** Data block **
------------------------

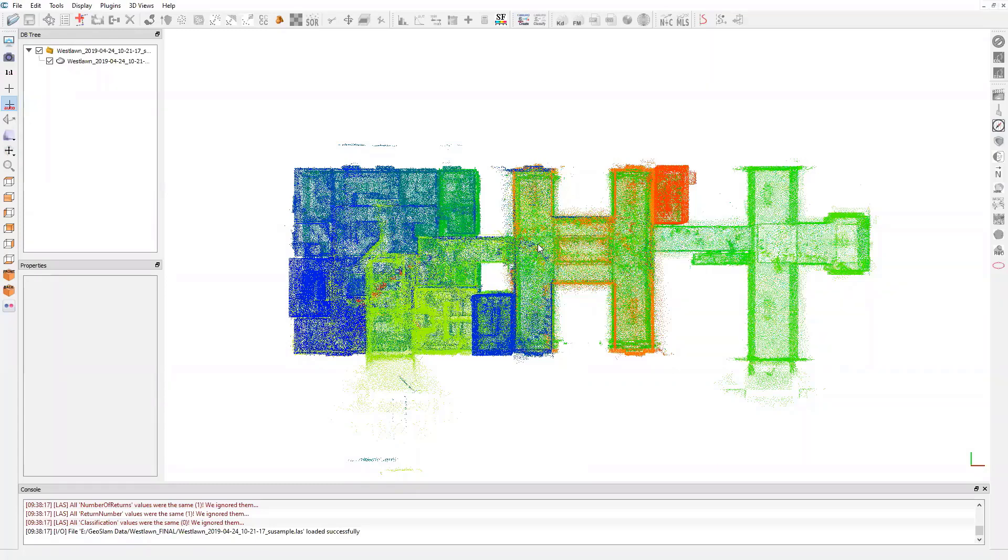This is from scan data where we walked through with a backpack unit. These white spaces are where the crypts are located. We're just walking through the hallways here.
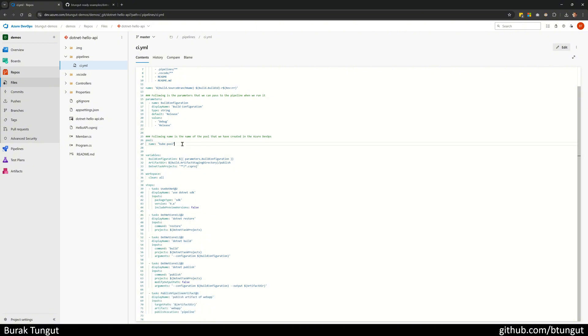The pipeline wants to use an agent pool, which should already exist in agent pools.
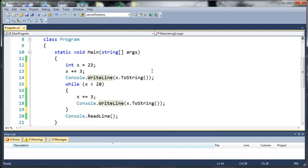So go ahead and practice with your do while loops. They're pretty simple if you already know the while loop. And once you've done that, go ahead and move on to the next tutorial.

------------------------

** Exercise aim **
Give back the material above exactly, without pictures.

** Reply to the exercise **
This is from scan data where we walked through with a backpack unit. These white spaces are where the crypts are located. We're just walking through the hallways here.
The pipeline wants to use an agent pool, which should already exist in agent pools.
So go ahead and practice with your do while loops. They're pretty simple if you already know the while loop. And once you've done that, go ahead and move on to the next tutorial.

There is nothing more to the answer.